What you write should be an exact copy of the material, from its first line through the line containing "Ma-Cabane - Vente Immeuble Le Blanc, 197 m²".

### Supplied material
※ ※ ※

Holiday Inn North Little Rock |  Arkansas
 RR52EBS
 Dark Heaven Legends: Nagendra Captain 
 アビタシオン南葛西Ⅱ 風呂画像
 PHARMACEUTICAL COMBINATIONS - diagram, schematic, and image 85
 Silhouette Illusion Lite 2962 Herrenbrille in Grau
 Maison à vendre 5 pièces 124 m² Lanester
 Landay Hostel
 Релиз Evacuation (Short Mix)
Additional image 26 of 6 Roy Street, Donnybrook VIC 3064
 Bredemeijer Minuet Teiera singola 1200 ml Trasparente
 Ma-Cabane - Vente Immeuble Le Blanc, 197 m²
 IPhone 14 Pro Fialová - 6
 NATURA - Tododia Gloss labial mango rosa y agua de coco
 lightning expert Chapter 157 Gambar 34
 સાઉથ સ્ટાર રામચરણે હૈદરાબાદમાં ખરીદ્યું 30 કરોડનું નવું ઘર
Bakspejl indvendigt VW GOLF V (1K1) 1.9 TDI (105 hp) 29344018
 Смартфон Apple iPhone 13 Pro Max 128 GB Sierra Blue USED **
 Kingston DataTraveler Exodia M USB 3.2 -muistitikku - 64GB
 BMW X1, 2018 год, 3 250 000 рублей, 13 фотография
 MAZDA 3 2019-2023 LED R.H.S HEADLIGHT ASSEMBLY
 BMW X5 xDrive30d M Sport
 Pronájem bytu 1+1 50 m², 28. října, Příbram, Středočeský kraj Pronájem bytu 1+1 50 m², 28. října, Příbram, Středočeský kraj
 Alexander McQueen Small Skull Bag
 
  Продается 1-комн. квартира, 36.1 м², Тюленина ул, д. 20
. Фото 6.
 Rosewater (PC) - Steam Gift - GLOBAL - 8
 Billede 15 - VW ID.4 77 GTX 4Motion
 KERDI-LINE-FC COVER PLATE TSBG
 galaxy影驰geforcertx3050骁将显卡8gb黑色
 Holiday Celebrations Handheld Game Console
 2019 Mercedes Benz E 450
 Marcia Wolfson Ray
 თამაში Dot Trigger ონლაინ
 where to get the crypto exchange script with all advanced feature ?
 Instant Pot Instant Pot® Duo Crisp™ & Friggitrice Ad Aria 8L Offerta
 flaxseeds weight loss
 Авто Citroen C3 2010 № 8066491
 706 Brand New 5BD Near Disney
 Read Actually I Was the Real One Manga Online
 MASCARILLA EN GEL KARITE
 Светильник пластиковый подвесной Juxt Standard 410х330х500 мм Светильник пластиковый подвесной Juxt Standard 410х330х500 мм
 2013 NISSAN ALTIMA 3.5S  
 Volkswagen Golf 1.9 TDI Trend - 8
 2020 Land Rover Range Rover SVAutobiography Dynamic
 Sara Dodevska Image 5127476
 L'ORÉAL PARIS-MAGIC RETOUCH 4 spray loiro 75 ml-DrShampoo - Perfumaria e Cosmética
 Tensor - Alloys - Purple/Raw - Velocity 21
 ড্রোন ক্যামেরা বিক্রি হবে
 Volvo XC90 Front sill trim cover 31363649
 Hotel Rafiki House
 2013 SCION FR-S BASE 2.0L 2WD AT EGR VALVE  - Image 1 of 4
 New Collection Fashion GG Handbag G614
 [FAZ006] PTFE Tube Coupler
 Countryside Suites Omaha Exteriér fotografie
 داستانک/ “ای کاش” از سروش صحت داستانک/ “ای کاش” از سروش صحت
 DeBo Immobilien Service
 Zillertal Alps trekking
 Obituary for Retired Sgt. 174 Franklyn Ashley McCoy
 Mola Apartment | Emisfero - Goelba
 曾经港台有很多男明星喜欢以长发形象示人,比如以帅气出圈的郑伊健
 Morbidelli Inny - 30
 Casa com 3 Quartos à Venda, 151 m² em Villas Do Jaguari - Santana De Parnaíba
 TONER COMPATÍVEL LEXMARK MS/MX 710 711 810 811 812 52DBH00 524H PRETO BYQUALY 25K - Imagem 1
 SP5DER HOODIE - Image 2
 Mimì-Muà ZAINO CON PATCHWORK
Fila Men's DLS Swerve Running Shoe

※ ※ ※

### Solution for this exercise
Holiday Inn North Little Rock |  Arkansas
 RR52EBS
 Dark Heaven Legends: Nagendra Captain 
 アビタシオン南葛西Ⅱ 風呂画像
 PHARMACEUTICAL COMBINATIONS - diagram, schematic, and image 85
 Silhouette Illusion Lite 2962 Herrenbrille in Grau
 Maison à vendre 5 pièces 124 m² Lanester
 Landay Hostel
 Релиз Evacuation (Short Mix)
Additional image 26 of 6 Roy Street, Donnybrook VIC 3064
 Bredemeijer Minuet Teiera singola 1200 ml Trasparente
 Ma-Cabane - Vente Immeuble Le Blanc, 197 m²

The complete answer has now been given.